I wrote my final paper in Rome on basilican architecture. Bradley gave me an A with a citation — he wrote that my essay was, “at times eloquent.” I still remember that. I had never been called eloquent.
When I returned to Hanover, I petitioned to become a Classics major (changes to one’s major during senior year are frowned upon, I discovered). That was approved, and my final six classes at Dartmouth were all in the department. I went from one of dozens of History majors to one of six Classics majors.
When my parents came out for graduation, I brought them up to the third floor of Reed Hall. They met the Department profs, and my fellow majors, and they had some cheese and wine. And their son, now a man, introduced them to Professor Bradley.

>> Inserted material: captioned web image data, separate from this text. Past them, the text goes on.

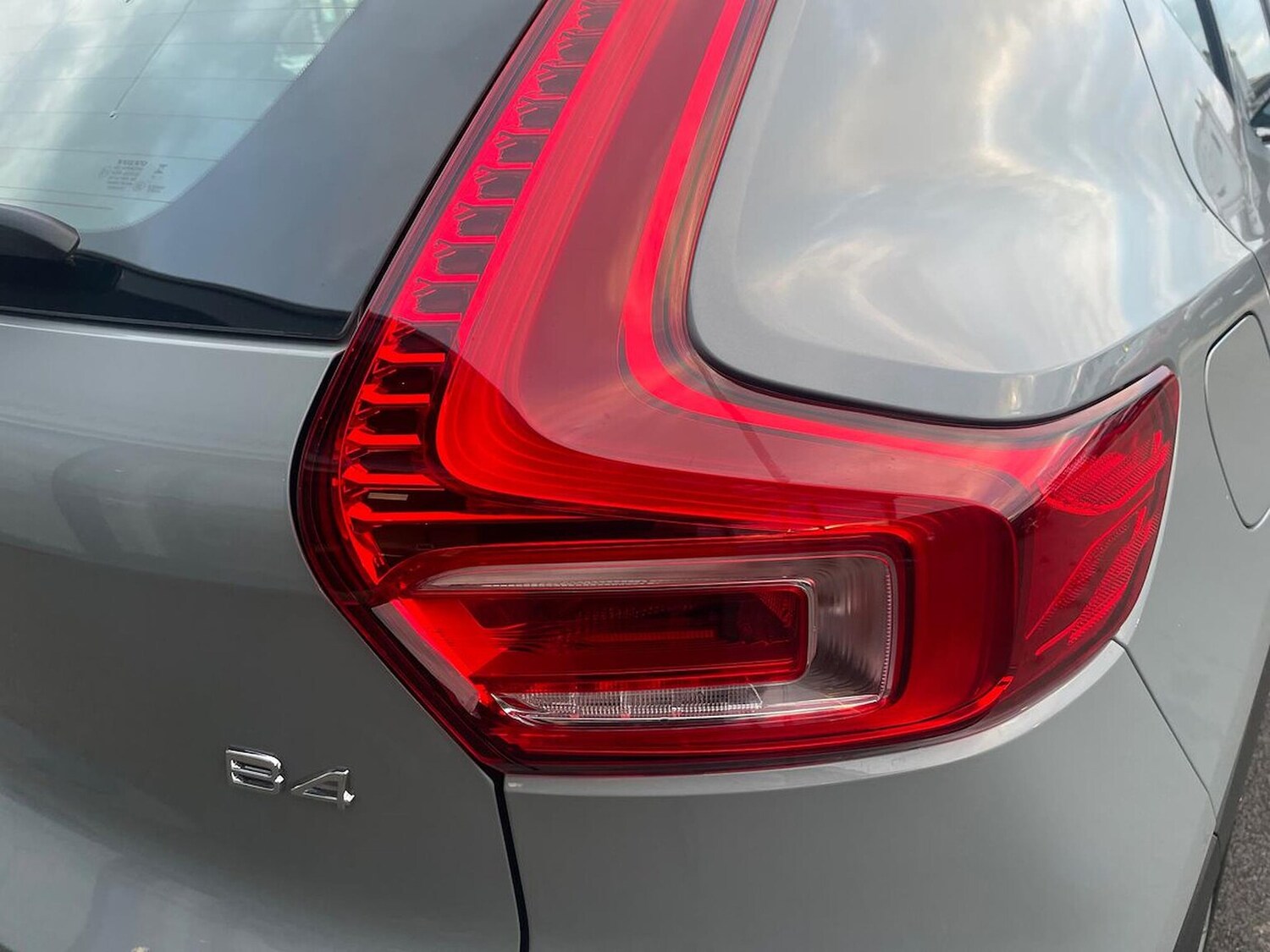 Used Volvo XC40 2025 for sale - 77687983: Photo 35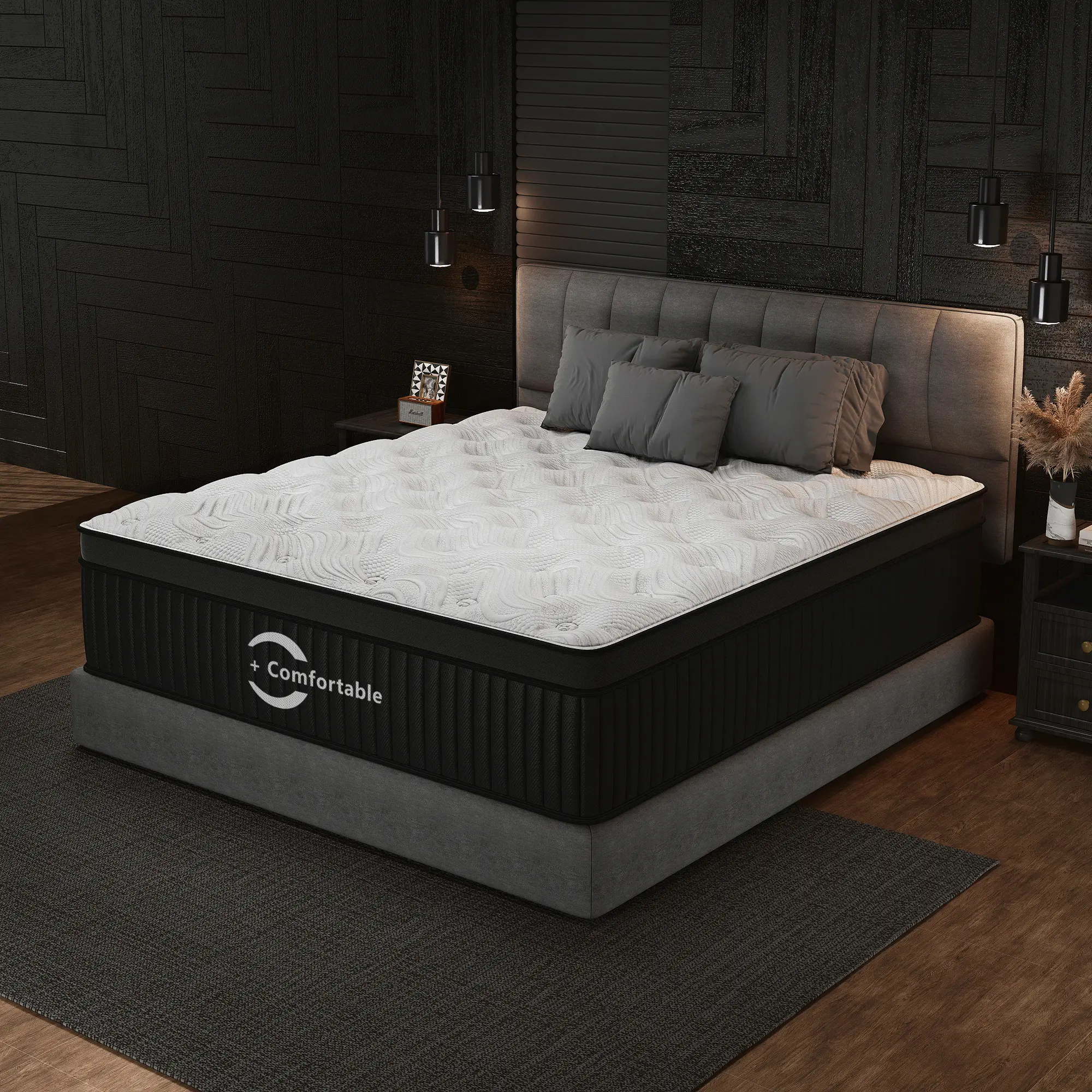 Queen-Black and White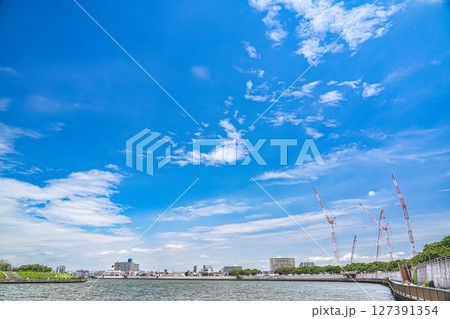 6月の青空の下の奥戸中川とクレーンのある風景 6月の青空の下の奥戸中川とクレーンのある風景 127391354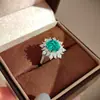 Anel Feminino Vintage Ovo de Pomba Oval Paraíba Cultivado de Luxo Pavimentado com Diamante de Alto Carbono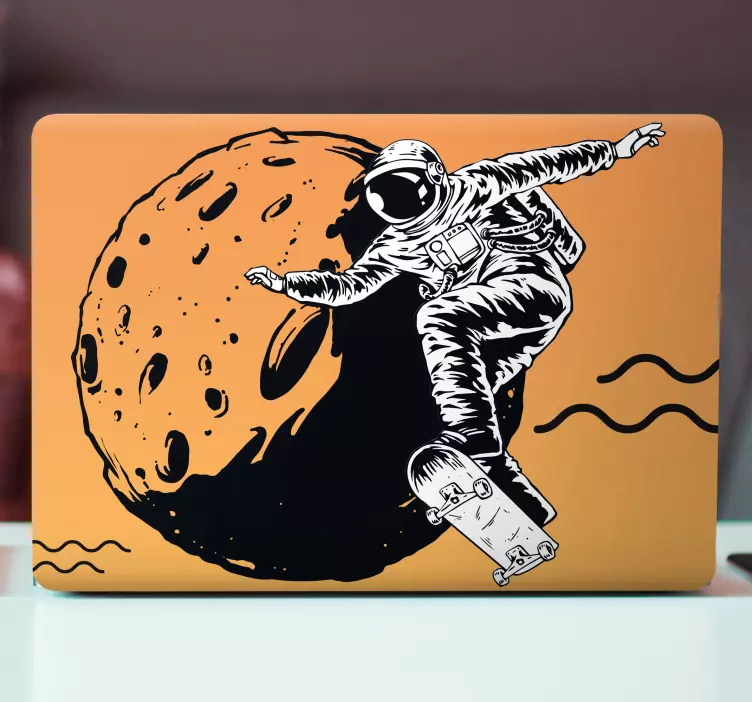 Sticker ordinateur portable astronaute skate sur la lune - TenStickers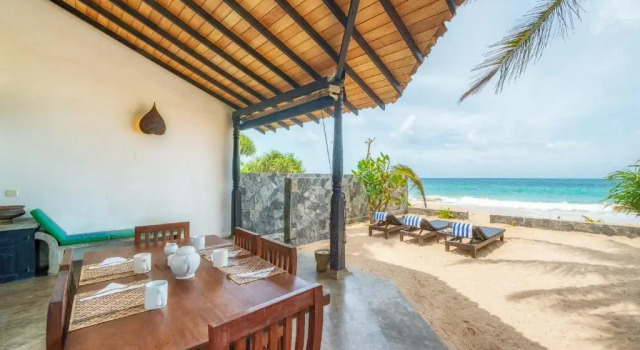 Вилла Blue Parrot Beach Villa with privat swimming pool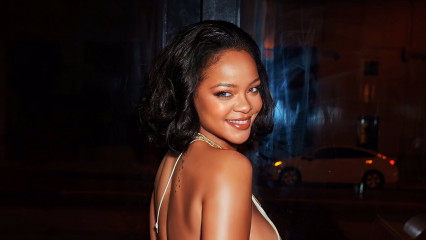 Rihanna - Fenty Beauty (2020) фото №1289345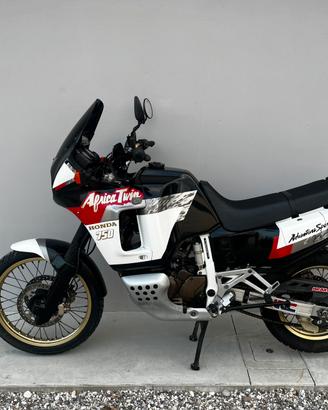 Honda Africa twin 750 RD04
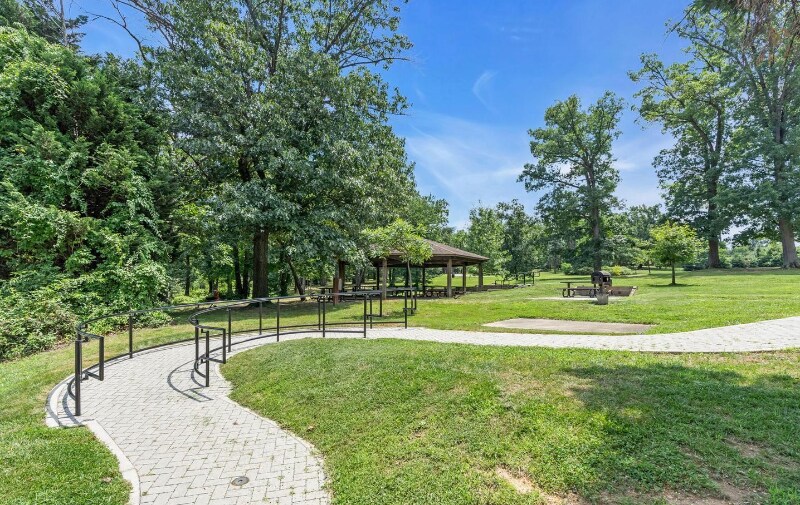 Building Photo - 2500 N Van Dorn St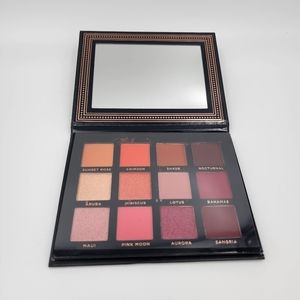 BEAUTE Scarlet Dusk Eyeshadow Palette 12 Shades NIB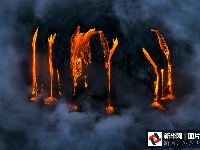 摄影师拍基拉韦厄火山岩浆流入海震撼画面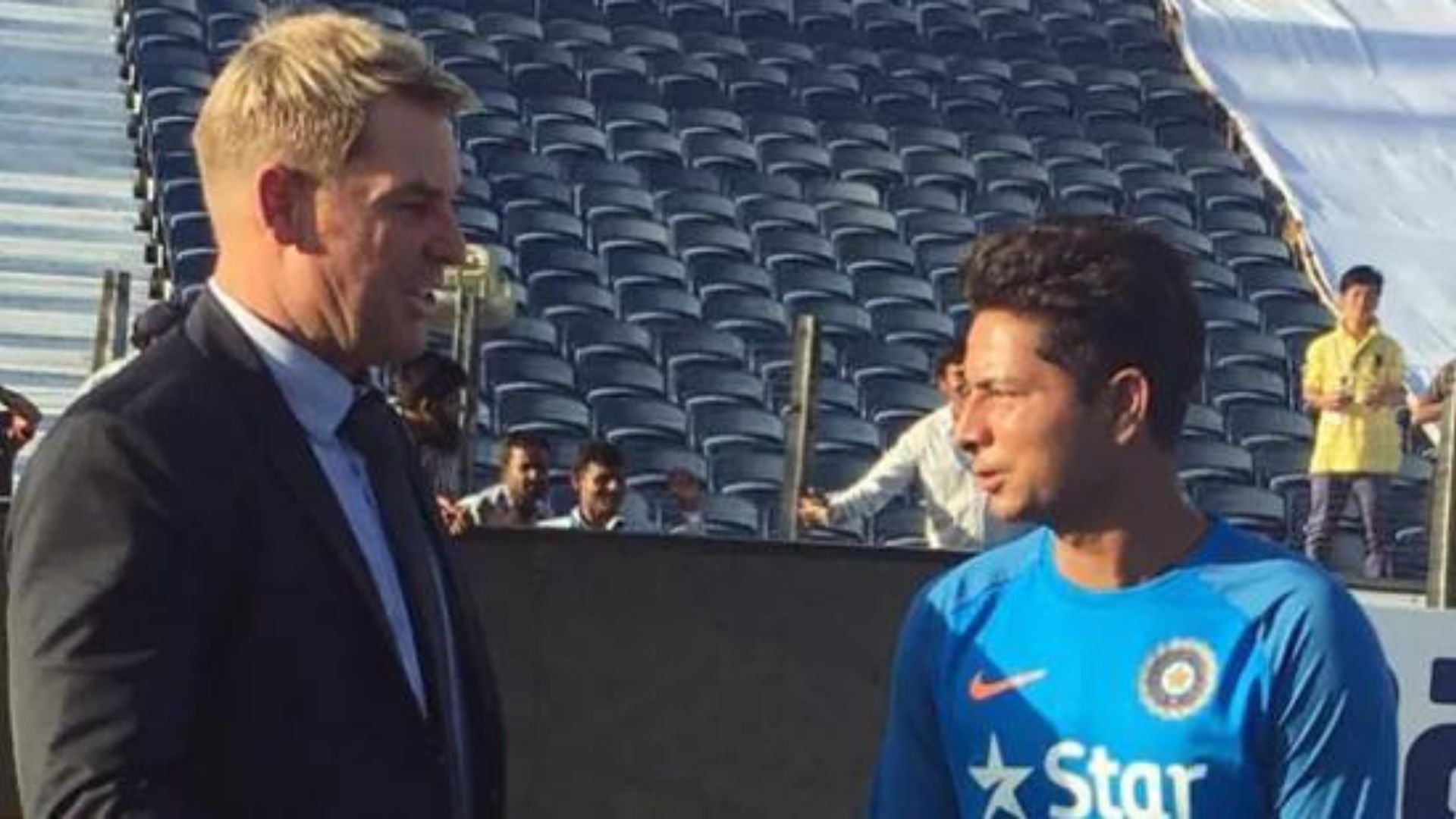 Shane Warne (L) and Kuldeep Yadav (P.C.:Twitter)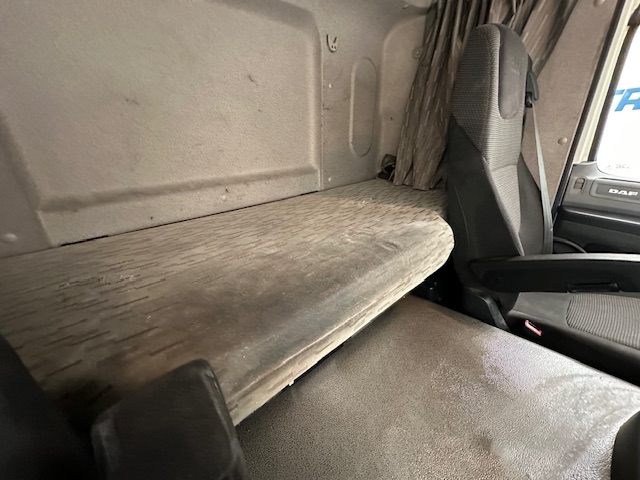 DAF CF 460 6×2 Midlift Tractor Unit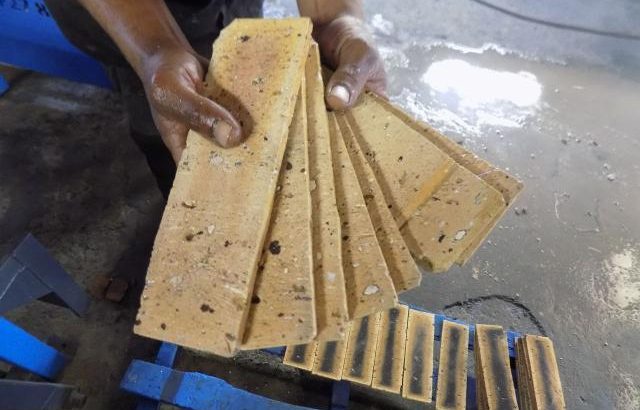 Machine: 350 Blade Brick Tile Cutter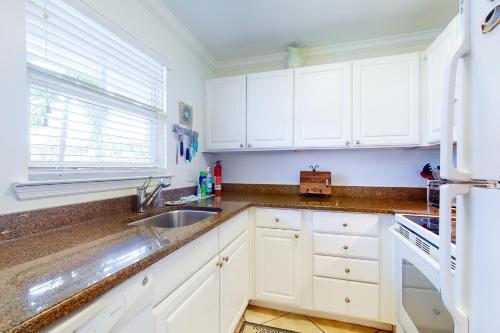 Barefoot Beach Resort F107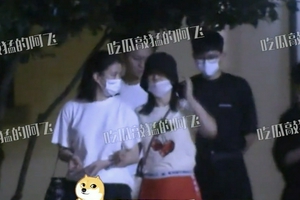 张杰谢娜与袁咏仪张智霖聚餐 四人热聊拥抱告别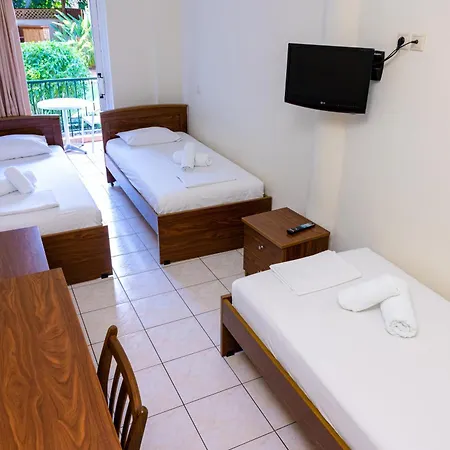 Konstantinos & I Lägenhetshotell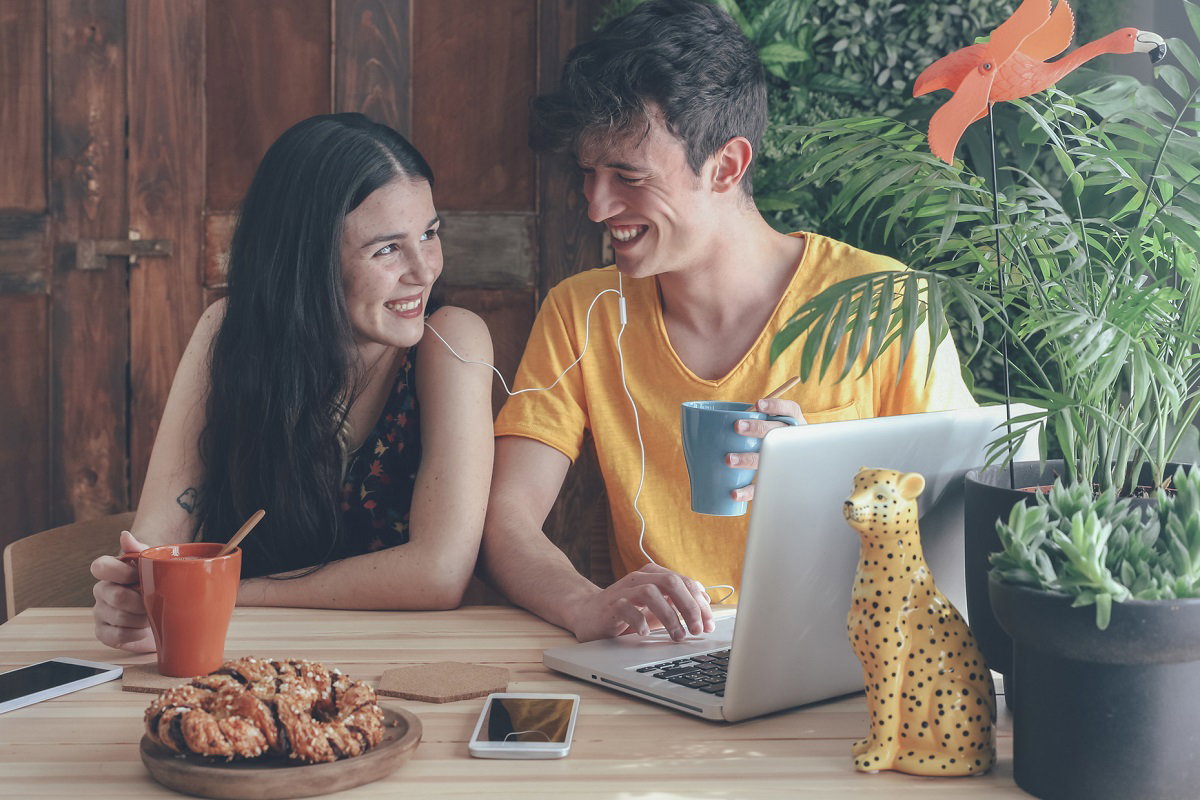 Tak budują relacje Zetki. Młode pokolenie stawia na 1 rzecz / Getty Images, Westend61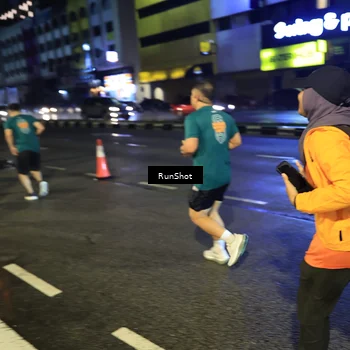 Runner Photo 7903959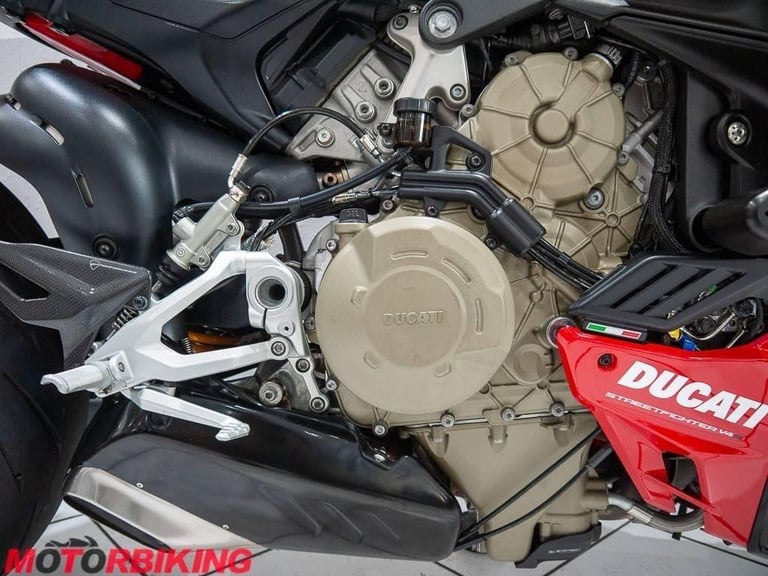 2020 (70) Ducati Streetfighter V4S - Beautiful bike with extras & Ducati history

Edward Bradley retired from teaching at Dartmouth years after 43 years of service to the College. His younger colleagues may have wondered why he didn’t make more of a mark on academia. Where are the award-winning books? The interviews in the New York Times and on N.P.R.? Where are the kudos from the guild of Latinists upon his retirement?
I have an entirely different standard for measuring the man’s career.
I have been to Rome several times with Edward since his retirement, and, at 89, I assume this will be the last trip for us. Tonight, a handful of his favorite students will surround him at one of his favorite restaurants, La Stalla, and raise a glass to a man who has meant so much all of us — to me, especially.
Tony, this is among my favorite things that you have ever written. Please greet Edward for me.